Though the cyclist has hung from the bridge column for at least seven weeks, the Spokane city administration only learned of the statue earlier this week when The Spokesman-Review reached out to officials to see if the installation was officially sanctioned or if the artist’s identity was known.
“Crews are going to fit removing the unauthorized display into their normal maintenance activities,” city Public Works Communications Manager Kirstin Davis wrote in a Wednesday email.
“While we appreciate the sentiment of the piece, it is not appropriate for the public to alter or attach things to City infrastructure, facilities, or equipment without prior planning and approval,” Davis wrote.

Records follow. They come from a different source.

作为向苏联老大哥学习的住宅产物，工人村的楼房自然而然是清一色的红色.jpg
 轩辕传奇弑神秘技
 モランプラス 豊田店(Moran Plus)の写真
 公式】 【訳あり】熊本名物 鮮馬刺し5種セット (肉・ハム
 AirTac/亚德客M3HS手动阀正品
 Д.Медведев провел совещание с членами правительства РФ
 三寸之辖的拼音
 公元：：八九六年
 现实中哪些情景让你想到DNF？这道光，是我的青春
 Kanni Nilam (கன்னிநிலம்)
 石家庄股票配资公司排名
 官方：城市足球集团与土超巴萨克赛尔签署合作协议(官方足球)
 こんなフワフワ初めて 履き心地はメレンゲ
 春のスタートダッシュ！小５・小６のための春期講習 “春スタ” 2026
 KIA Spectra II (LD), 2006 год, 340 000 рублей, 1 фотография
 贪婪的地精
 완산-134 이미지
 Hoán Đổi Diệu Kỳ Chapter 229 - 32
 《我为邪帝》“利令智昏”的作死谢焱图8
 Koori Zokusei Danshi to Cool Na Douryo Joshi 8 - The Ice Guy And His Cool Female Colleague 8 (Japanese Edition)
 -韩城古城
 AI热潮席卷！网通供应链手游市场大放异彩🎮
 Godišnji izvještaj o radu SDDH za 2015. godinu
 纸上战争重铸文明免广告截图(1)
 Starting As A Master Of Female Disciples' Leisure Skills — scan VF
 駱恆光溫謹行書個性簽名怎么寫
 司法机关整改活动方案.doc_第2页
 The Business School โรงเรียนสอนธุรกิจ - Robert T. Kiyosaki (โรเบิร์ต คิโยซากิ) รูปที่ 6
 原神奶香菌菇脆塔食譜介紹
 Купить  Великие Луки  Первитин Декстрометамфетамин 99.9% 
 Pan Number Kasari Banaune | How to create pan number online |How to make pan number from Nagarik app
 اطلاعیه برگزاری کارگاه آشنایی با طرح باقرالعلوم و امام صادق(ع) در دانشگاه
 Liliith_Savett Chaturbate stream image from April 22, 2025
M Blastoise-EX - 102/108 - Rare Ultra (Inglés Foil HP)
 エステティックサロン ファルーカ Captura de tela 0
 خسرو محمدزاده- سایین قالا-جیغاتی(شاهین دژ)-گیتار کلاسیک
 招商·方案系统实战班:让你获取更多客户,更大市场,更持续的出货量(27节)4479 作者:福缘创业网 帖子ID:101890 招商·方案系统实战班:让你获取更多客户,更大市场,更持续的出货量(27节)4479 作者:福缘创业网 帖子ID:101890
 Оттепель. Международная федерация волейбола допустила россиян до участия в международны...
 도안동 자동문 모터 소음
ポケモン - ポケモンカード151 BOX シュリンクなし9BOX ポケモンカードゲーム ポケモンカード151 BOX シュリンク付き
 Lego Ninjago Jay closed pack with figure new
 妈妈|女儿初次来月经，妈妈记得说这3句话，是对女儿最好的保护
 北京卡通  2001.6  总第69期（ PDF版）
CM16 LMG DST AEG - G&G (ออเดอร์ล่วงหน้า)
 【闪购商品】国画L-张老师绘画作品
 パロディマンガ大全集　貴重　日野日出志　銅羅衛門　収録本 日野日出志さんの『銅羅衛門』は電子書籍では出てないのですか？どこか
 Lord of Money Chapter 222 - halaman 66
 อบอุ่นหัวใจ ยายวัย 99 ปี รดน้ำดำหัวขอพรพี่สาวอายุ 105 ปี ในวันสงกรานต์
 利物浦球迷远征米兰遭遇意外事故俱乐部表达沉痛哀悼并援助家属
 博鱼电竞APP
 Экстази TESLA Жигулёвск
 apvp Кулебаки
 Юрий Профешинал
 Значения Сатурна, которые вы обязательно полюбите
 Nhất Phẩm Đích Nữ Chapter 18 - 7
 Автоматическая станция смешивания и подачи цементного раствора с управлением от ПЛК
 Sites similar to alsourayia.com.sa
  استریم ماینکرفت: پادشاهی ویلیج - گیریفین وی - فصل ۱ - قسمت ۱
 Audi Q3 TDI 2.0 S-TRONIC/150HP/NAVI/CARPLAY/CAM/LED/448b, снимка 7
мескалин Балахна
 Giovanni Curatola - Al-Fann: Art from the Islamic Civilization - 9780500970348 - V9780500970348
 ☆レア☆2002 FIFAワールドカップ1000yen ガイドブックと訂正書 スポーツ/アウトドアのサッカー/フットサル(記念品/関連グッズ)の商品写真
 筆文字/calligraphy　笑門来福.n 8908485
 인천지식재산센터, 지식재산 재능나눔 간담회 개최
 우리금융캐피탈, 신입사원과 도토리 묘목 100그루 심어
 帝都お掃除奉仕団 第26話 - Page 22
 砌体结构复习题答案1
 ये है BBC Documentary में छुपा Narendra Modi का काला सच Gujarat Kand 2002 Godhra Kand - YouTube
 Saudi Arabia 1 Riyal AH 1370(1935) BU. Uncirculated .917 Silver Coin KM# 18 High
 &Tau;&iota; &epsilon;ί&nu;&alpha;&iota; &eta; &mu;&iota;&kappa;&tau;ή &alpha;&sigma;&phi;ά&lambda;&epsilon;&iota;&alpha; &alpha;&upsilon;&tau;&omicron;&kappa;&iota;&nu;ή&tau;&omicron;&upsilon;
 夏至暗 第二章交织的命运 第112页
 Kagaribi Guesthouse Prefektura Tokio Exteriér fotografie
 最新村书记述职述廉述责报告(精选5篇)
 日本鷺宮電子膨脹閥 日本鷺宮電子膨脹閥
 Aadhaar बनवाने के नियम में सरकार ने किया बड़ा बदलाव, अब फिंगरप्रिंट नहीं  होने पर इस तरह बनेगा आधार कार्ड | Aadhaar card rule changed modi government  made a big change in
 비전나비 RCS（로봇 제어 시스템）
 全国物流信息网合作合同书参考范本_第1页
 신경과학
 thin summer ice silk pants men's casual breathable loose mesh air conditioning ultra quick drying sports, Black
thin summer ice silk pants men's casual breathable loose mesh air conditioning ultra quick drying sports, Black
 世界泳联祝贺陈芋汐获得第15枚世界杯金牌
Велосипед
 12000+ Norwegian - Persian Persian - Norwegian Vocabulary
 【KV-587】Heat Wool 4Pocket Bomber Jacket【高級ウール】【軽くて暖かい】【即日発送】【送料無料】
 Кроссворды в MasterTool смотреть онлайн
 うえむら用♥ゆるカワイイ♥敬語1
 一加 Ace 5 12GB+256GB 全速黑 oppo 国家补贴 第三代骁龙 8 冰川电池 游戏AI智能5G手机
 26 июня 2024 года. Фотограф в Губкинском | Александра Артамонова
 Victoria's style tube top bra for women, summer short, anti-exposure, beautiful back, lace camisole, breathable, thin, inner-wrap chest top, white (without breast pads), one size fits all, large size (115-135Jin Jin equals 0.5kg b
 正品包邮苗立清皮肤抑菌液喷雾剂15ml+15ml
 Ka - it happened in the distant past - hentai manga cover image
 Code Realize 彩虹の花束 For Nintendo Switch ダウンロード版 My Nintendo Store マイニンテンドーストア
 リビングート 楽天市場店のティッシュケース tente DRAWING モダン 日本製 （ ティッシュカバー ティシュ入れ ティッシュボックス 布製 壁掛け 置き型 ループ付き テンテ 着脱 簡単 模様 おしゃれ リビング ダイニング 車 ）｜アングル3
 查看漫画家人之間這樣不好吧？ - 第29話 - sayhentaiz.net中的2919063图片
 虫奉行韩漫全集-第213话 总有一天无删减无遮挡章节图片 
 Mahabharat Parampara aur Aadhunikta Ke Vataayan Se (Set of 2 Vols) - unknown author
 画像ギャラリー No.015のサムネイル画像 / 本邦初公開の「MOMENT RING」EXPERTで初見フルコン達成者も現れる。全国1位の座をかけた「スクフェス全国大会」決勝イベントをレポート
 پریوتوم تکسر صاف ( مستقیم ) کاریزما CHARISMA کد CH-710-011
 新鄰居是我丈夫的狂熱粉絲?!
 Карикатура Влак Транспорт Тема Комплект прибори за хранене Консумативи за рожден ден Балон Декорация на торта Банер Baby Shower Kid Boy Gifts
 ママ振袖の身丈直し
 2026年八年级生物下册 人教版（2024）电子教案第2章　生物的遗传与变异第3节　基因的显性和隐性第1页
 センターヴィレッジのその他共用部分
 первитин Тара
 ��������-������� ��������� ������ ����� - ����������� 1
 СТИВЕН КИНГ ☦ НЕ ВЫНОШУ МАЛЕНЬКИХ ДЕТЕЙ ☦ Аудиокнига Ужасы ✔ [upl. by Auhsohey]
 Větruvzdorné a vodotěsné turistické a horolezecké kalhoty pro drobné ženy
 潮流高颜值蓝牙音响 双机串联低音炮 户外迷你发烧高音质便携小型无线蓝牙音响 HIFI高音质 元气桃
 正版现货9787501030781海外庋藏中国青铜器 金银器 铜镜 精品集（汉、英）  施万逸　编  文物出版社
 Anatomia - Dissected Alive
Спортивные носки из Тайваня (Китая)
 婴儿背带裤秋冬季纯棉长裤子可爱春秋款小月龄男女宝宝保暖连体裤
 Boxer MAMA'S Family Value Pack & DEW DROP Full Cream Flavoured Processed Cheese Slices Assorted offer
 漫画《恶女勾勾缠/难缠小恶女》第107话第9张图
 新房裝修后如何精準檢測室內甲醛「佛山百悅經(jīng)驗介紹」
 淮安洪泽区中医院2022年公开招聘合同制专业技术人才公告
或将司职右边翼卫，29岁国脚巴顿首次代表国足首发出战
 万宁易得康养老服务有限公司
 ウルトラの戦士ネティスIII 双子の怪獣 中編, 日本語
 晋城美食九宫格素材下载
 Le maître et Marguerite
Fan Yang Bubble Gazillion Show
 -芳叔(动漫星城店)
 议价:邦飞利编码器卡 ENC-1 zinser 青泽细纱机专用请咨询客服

By Thursday, the cyclist was gone, disappearing with as little fanfare as when she first appeared. Davis wrote in a Thursday evening text message that removal had been on the bridge crew’s list of projects for the morning.
She’s already missed by some who live nearby, including Julius DeFour, who lives just across the street from where the cyclist was installed.
“I think it’s fun when something makes you pause and look up like that,” DeFour said. “It’s surprising, it’s fun art.”
DeFour wasn’t surprised that the city had wanted to remove the installation but takes a different view on guerrilla art and the friction it often creates with authorities.
“I grew up on hip-hop, and graffiti is one of the four elements, right?” he asked. “I mean, I get that if the statue or the fixture fell on someone, but I think that whoever’s doing it is being thoughtful in that way. It seems like they know what they’re doing.”
Several neighborhood residents believe the artist is the same person behind the blue bike placed improbably on top of a concrete pylon in the middle of the Spokane River near People’s Park, located on the far edge of the Peaceful Valley neighborhood. That bicycle has mystified passerby since the summer of 2022 when it appeared. While it is also unsanctioned art, it’s difficult-to-reach location has stymied efforts by the city to remove it, Davis wrote.
“The location is problematic because it’s in the middle of the river and our normal maintenance equipment would not be able to make that happen,” Davis wrote.
As for the now-confiscated cyclist, Brown said she had been a welcome part of the neighborhood during her short stay.
“I don’t know if everybody loved it, but everyone at the block party, at least, seemed to like that she was there,” Brown said.